Framework Mappings (5)
| EU-AI-Art.15.2 | Accuracy, Robustness and Cybersecurity — Resilience and Fail-Safe Design | partial |
| MANAGE 2.2 | Deployed AI System Value Maintenance | full |
| MANAGE 3.2 | Pre-Trained Model Monitoring | full |
| MEASURE 1.2 | AI Metrics and Control Effectiveness Assessment | full |
| MEASURE 4.3 | Performance Improvement and Decline Tracking | full |
Evidence (2)
Periodic model performance and drift evaluation report demonstrating that deployed models were assessed for performance degradation and distribution shift on the defined schedule, with comparison against baseline metrics.
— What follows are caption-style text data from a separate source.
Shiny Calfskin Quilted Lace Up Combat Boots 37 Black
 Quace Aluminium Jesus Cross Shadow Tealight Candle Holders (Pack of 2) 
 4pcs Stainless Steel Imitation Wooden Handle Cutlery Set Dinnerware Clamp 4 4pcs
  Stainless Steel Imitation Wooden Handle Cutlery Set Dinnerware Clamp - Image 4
Example: Quarterly Drift Report — Customer Churn Predictor (Weights & Biases artefact, Q1 2026), showing PSI score for input features, model accuracy vs baseline, concept drift F1 delta, and escalation decision: 'no action required — within threshold'
Test: Request drift evaluation reports for a sample of production models covering the last two evaluation periods. Verify: (1) reports are dated at the scheduled frequency, (2) both data drift and concept/performance drift are evaluated, (3) results are compared to documented thresholds, (4) escalation decision is recorded (no action / investigation / retrain / decommission), (5) where thresholds were breached, a documented escalation action was taken.
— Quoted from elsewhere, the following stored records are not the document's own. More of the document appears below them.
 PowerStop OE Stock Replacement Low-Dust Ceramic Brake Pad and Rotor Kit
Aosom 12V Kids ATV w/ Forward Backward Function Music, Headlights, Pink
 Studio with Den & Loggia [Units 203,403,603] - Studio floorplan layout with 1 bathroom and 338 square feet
Automated drift detection tool output from model monitoring platform (e.g. Evidently AI, Arize, WhyLabs) showing scheduled drift metric computation for production models.
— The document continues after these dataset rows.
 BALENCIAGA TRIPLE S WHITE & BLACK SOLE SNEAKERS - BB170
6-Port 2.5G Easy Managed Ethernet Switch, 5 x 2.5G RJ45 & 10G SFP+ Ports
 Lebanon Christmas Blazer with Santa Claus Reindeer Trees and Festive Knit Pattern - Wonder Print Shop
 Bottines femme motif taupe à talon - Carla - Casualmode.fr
Example: Evidently AI drift report JSON export for fraud-model-prod (weekly run 2026-04-14): feature drift detected on 2/18 features (PSI > 0.2 threshold), dataset drift test: PASS, target drift: PASS, alert fired to ml-monitoring Slack channel
Test: Request automated drift detection tool output for a production model. Verify: (1) drift metrics are computed automatically on the defined schedule (check run timestamps), (2) alert thresholds are configured and alert firing is evidenced, (3) the tool output is linked to the escalation process (Slack/PagerDuty alert or ticket creation), (4) tool is monitoring the live production model (not a shadow environment).
Questions (2)
Are deployed AI models evaluated on a scheduled basis for performance degradation and distribution shift (data drift, concept drift)?
Model drift is an AI-specific failure mode with no equivalent in conventional software. Without scheduled evaluation, degraded models operate undetected. Evaluation should use held-out test data or shadow deployments and trigger a documented escalation path when thresholds are breached.
How frequently are your production AI models evaluated for drift or performance degradation?
Frequency should match the velocity of the underlying domain. High-velocity domains (e.g. fraud, content moderation) require monthly or more frequent evaluation. Annual evaluation is insufficient for any system where the data environment changes.